This problem maps to Binary Search through a short path in the full flowchart.

For each bit position, finding the longest strictly increasing subsequence among numbers that share that bit uses binary search for LIS construction.

Open in Flowchart

Intuition

The challenge in this problem comes from the two conditions that must hold together: the subsequence has to be strictly increasing, and its bitwise AND must be non-zero. The increasing part alone is the well-known "Longest Increasing Subsequence" (LIS) problem. The tricky addition is the non-zero AND requirement.

Let's focus on what it means for the bitwise AND of a group of numbers to be non-zero. The AND operation keeps a bit set to 1 only if that bit is 1 in every number. So the final AND is non-zero if and only if there is at least one bit position where all the chosen numbers have a 1.

This observation is the key that unlocks the problem. Instead of trying to track the AND value while building the subsequence (which would be complicated), we can flip the perspective: rather than asking "what is the AND of this subsequence?", we ask "is there a common bit shared by every number?"

If we fix a single bit position i, then any subsequence made only of numbers that have a 1 at bit i automatically has a non-zero AND, because bit i survives the AND operation for all of them. This means once we restrict ourselves to numbers sharing bit i, the non-zero AND condition is guaranteed for free, and we only need to worry about finding the longest strictly increasing subsequence among those numbers.

So the plan becomes:

Enumerate every possible bit position i (from 0 up to the highest bit appearing in nums).
For each bit i, collect all numbers that have a 1 at that position, keeping their original order.
Run the standard LIS algorithm on this filtered list to get the longest valid subsequence sharing bit i.
The answer is the maximum LIS length found across all bit positions.

Why is enumerating just single bits enough? Because if the optimal subsequence has a non-zero AND, that AND itself has at least one bit set to 1. That particular bit is shared by every element of the subsequence, so when we enumerate that exact bit, the entire optimal subsequence will be included in our filtered list and captured by the LIS computation. We never miss the best answer.

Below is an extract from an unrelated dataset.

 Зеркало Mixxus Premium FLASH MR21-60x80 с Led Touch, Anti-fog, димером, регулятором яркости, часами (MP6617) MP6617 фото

For the LIS part, we use the efficient patience-sorting style approach with binary search (bisect_left), maintaining an array g where g[j] holds the smallest possible tail value of an increasing subsequence of length j + 1. Using bisect_left ensures the subsequence stays strictly increasing, and the final length of g gives the LIS length for that filtered list.

Solution Approach

We use the pattern Enumeration + Longest Increasing Subsequence (LIS). The idea is to enumerate each bit position, filter the numbers that share that bit, and compute the LIS on the filtered list. Below is a step-by-step walk-through of the implementation.

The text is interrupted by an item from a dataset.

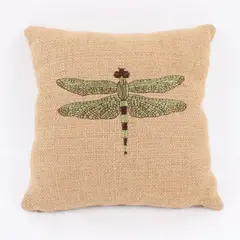 Small Embroidered Dragonfly Burlap Throw Pillow 9.5 x 9.5 in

Step 1: Determine how many bits we need to check

We only need to consider bit positions that actually appear in the data. The highest such position is bounded by the largest number in nums:

m = max(nums).bit_length()

Here m is the number of bits required to represent the maximum value. So valid bit positions range from 0 to m - 1.

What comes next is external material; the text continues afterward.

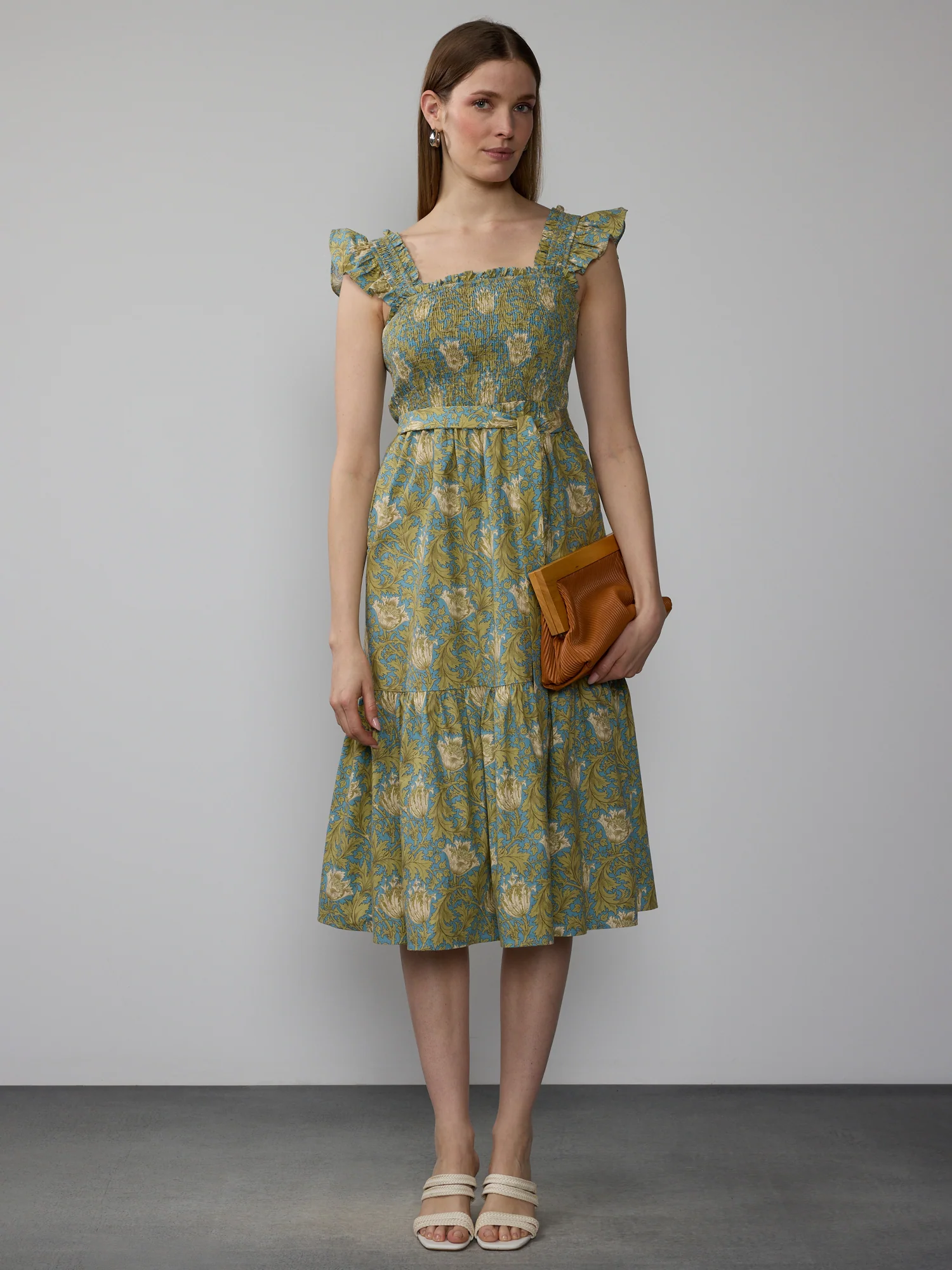 Smocked Floral Midi Dress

Step 2: Enumerate each bit position

For each bit i in range(m), we build a filtered list arr containing only the numbers whose bit i is set to 1. The order of the original array is preserved, which is essential because subsequences must respect the original ordering:

arr = [x for x in nums if x >> i & 1]

The expression x >> i & 1 shifts x right by i positions and masks the lowest bit, giving 1 if bit i of x is set and 0 otherwise. Every number in this arr shares bit i, so any subsequence drawn from arr is guaranteed to have a non-zero bitwise AND.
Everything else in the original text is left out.